* Instructions for the task: For this exercise, output exactly and only the lines running from the one with "HP Scan to FTP" through the final line of the data below, without pictures.

* Data listing:
----------------------------------------

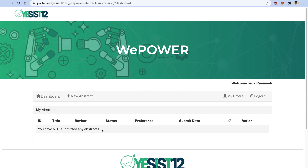The accepted or rejected status will appear here, and any action will be communicated via email. If you would like to update anything in the abstract before the deadline, you can request changes by emailing the co-chairs or at ieee.yesist12@ieee.org. I hope you now have a clear idea of how to submit an abstract for VPower. If there is any query, we have formed a WhatsApp group. Feel free to contact us on the email ID mentioned on the YESIST12 website. Thank you.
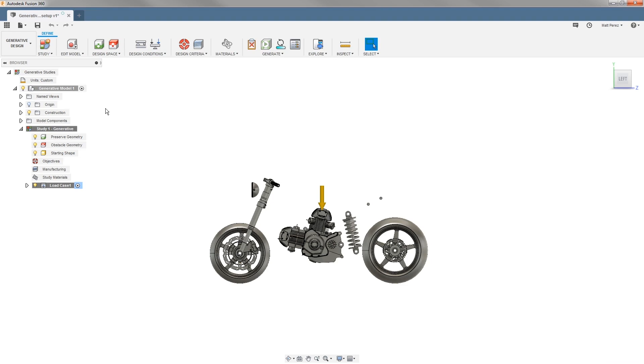You'll notice a few things change. Our canvas image is now gone because we're not editing any geometry. It's automatically hidden. However, all of our model components are still shown.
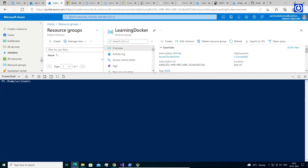Let's create an IAM role so that AKS from resource group 'kubegroup' can access Azure Container Registry in the other resource group 'learning docker'.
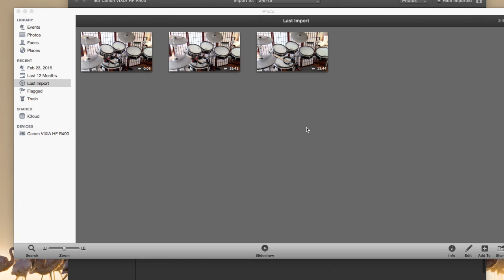So what I did here was I actually just imported three videos that I shot from my video camera. So this is basically the same thing, whether it's your phone or with a video camera.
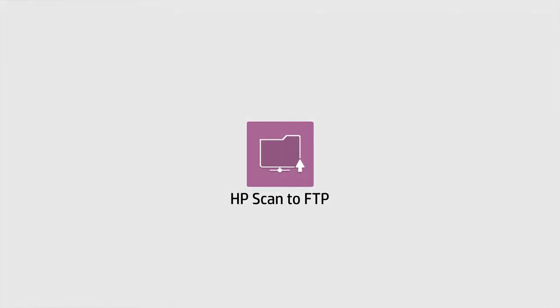HP Scan to FTP can save you time and effort if your organization uses an FTP server to store and manage documents.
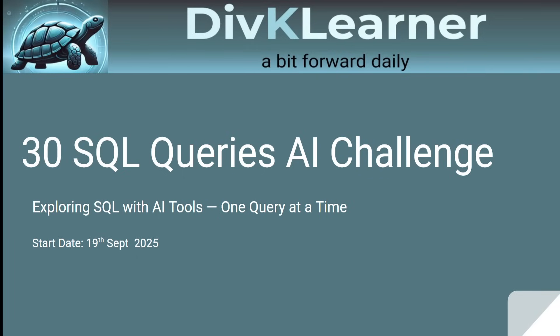Hello data and skill explorers, welcome to Div K Learner, a bit forward daily. On 19th September, we started a new episode with a 30 SQL queries AI challenge. Since 19th September, we have started a challenge of 30 SQL queries AI challenges, and we will be doing it for 30 queries. That's the plan, or might be some bonus at the later stage.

----------------------------------------

* Task output:
HP Scan to FTP can save you time and effort if your organization uses an FTP server to store and manage documents.
Hello data and skill explorers, welcome to Div K Learner, a bit forward daily. On 19th September, we started a new episode with a 30 SQL queries AI challenge. Since 19th September, we have started a challenge of 30 SQL queries AI challenges, and we will be doing it for 30 queries. That's the plan, or might be some bonus at the later stage.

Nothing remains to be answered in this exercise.